In the patient-based analysis, PET/CT and wbMRI revealed comparable sensitivity and accuracy for the classification of the whether the patient had metastasis or not (Table 3). When looking at the patient-based analysis regarding metastatic involvement of different organs, the diagnostic accuracy of PET/CT was significantly higher for bone and lymph node metastases. In contrast to the lesion-based analysis, the diagnostic accuracy of PET/CT and MRI were comparable for lung and liver metastases in the patient-based analysis. The discrepant results in the lesion- and patient-based analyses emphasize the influence of the evaluation scheme on the study results when comparing the diagnostic performance of imaging modalities in the staging of oncologic patients.
The patient-based analysis is most important for the initial work-up of patients with NET when the categorization has to be made on whether there are metastases present or not. However, once the patient’s status is categorized as metastatic, the diagnostic work-up has to move a step further.

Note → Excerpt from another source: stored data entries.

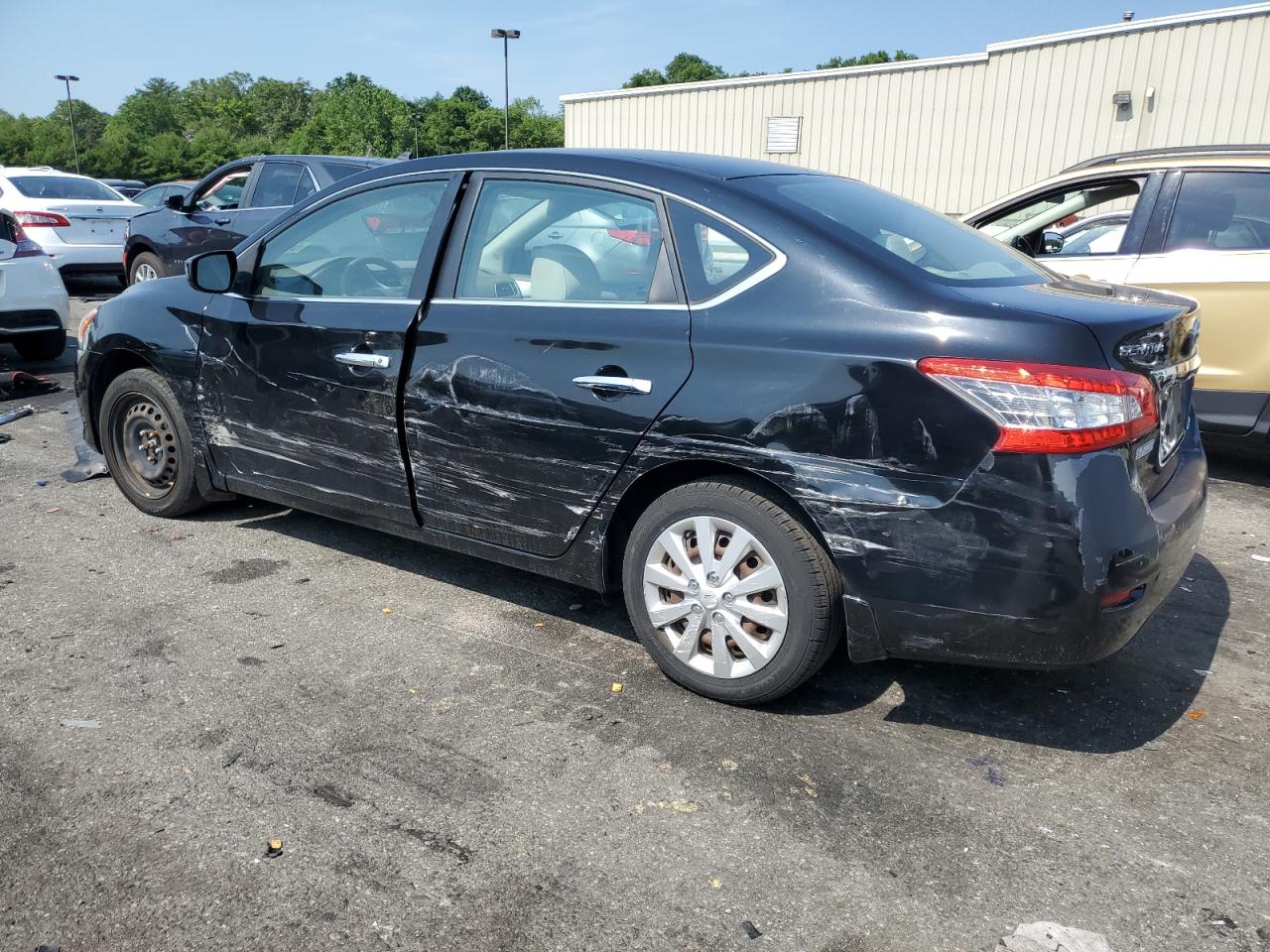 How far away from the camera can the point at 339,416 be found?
159 inches

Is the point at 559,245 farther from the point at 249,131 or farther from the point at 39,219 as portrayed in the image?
the point at 249,131

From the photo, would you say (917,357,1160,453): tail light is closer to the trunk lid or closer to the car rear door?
the car rear door

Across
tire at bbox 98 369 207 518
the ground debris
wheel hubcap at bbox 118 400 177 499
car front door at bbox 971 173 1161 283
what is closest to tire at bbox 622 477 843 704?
the ground debris

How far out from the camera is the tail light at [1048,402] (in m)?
2.68

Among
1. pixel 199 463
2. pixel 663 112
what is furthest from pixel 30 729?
pixel 663 112

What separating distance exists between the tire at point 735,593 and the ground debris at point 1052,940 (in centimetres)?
99

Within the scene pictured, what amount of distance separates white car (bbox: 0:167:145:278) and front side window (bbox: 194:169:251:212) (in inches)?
97.3

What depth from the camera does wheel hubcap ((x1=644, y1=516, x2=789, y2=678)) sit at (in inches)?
124

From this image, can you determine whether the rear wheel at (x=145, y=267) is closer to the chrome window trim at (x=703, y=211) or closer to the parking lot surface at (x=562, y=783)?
the parking lot surface at (x=562, y=783)

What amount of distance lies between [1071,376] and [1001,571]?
55cm

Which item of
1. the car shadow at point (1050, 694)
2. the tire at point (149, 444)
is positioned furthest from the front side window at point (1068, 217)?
the tire at point (149, 444)

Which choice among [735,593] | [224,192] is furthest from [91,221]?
[735,593]

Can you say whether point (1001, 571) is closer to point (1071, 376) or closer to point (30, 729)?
point (1071, 376)

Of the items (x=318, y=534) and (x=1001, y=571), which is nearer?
(x=1001, y=571) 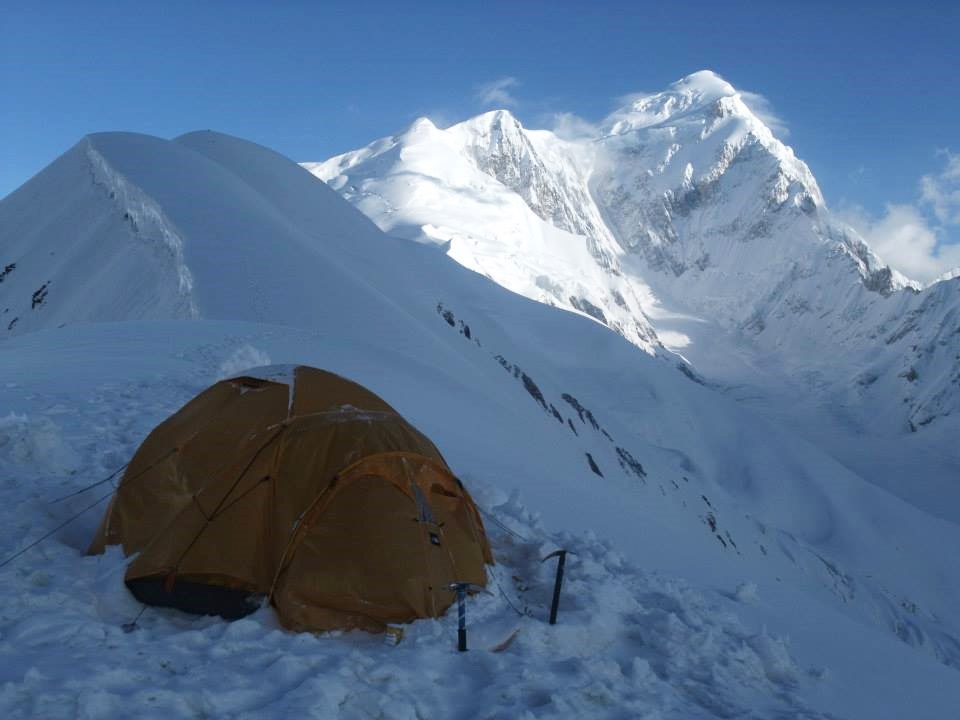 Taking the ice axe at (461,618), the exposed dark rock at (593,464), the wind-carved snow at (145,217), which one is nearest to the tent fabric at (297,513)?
the ice axe at (461,618)

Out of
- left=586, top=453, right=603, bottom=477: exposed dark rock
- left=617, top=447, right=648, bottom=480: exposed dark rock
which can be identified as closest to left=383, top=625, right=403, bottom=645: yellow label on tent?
left=586, top=453, right=603, bottom=477: exposed dark rock

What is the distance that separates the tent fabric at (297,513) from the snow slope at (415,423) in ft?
0.71

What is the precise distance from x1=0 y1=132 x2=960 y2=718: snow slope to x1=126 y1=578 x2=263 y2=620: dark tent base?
0.32 ft

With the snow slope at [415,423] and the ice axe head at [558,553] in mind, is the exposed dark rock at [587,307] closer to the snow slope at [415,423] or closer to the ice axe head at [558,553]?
the snow slope at [415,423]

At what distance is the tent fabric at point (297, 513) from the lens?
5312 millimetres

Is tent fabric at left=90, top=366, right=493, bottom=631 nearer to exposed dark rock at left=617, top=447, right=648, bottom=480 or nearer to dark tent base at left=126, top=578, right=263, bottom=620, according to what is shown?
dark tent base at left=126, top=578, right=263, bottom=620

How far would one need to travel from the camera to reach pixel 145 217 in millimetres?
25688

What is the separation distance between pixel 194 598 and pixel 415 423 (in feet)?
23.5

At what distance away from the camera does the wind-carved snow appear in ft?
68.6

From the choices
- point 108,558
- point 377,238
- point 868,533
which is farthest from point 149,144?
point 868,533

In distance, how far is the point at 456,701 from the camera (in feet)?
15.2

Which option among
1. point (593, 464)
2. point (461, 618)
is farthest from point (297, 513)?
point (593, 464)

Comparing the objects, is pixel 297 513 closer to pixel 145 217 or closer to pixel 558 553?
pixel 558 553

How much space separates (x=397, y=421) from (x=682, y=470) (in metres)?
Result: 41.1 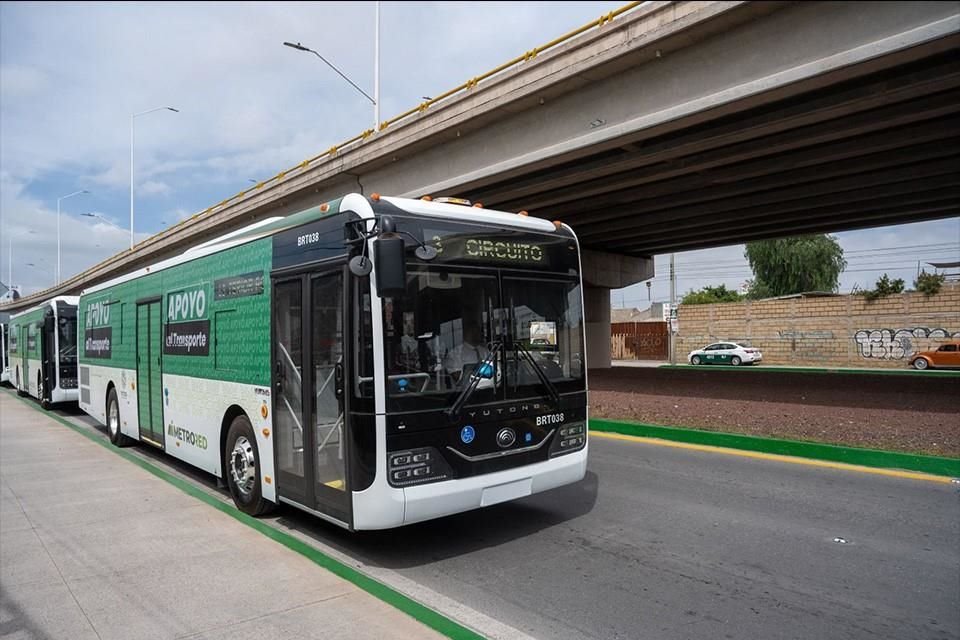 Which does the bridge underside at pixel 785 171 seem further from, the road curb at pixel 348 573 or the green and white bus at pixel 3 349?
the green and white bus at pixel 3 349

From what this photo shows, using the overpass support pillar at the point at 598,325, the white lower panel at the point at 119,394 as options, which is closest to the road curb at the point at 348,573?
the white lower panel at the point at 119,394

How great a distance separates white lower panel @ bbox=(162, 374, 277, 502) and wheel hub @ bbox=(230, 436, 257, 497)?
0.33 m

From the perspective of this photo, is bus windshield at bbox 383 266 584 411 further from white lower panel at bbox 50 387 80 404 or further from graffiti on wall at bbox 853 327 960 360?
graffiti on wall at bbox 853 327 960 360

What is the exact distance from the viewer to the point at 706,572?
5215 millimetres

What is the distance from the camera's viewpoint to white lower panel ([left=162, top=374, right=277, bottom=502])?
656cm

Then, it is required to accurately assess the number and localization of metastases so that the best individual treatment plan for each patient can be defined. Once in this phase of the diagnostic work-up, a patient-based comparison might no longer suffice to find the best staging modality.

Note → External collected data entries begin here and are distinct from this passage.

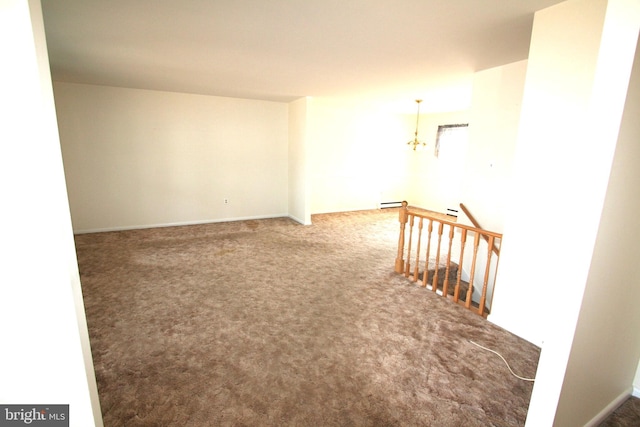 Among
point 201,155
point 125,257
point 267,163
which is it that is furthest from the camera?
point 267,163

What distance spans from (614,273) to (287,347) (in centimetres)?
205

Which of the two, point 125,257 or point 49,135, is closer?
point 49,135

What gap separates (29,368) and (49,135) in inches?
33.4

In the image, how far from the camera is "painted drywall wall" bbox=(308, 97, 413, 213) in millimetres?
6902

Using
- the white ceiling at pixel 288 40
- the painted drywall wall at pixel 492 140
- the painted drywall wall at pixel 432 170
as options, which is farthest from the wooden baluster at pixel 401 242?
the painted drywall wall at pixel 432 170

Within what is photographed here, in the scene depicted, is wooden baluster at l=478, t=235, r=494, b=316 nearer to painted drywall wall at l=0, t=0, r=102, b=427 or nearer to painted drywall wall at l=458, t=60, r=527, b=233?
painted drywall wall at l=458, t=60, r=527, b=233

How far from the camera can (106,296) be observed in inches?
120

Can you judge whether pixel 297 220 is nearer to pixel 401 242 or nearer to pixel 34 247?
pixel 401 242

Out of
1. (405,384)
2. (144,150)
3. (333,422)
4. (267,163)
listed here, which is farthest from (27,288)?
(267,163)

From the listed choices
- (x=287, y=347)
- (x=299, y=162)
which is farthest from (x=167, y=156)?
(x=287, y=347)

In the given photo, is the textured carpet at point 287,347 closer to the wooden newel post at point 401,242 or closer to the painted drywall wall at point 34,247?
the wooden newel post at point 401,242

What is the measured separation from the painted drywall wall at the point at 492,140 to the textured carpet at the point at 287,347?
1.40 metres

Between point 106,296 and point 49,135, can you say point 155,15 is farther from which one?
point 106,296

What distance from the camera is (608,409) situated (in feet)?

In general, the most important staging factor that influences the clinical management is resectability. Thus, in most cases, the presence or absence of organ metastases is crucial and this can mostly be described based on patient/organ status (metastatic or not) rather than on lesion counts. However, in selected cases with limited disease extent, the number and even the distribution pattern of lesions per organ are used to decide on resectability. In these cases, lesion-based comparison of imaging modalities is more important. Therefore, interpretation of the study results needs to be done with respect to the precise clinical question.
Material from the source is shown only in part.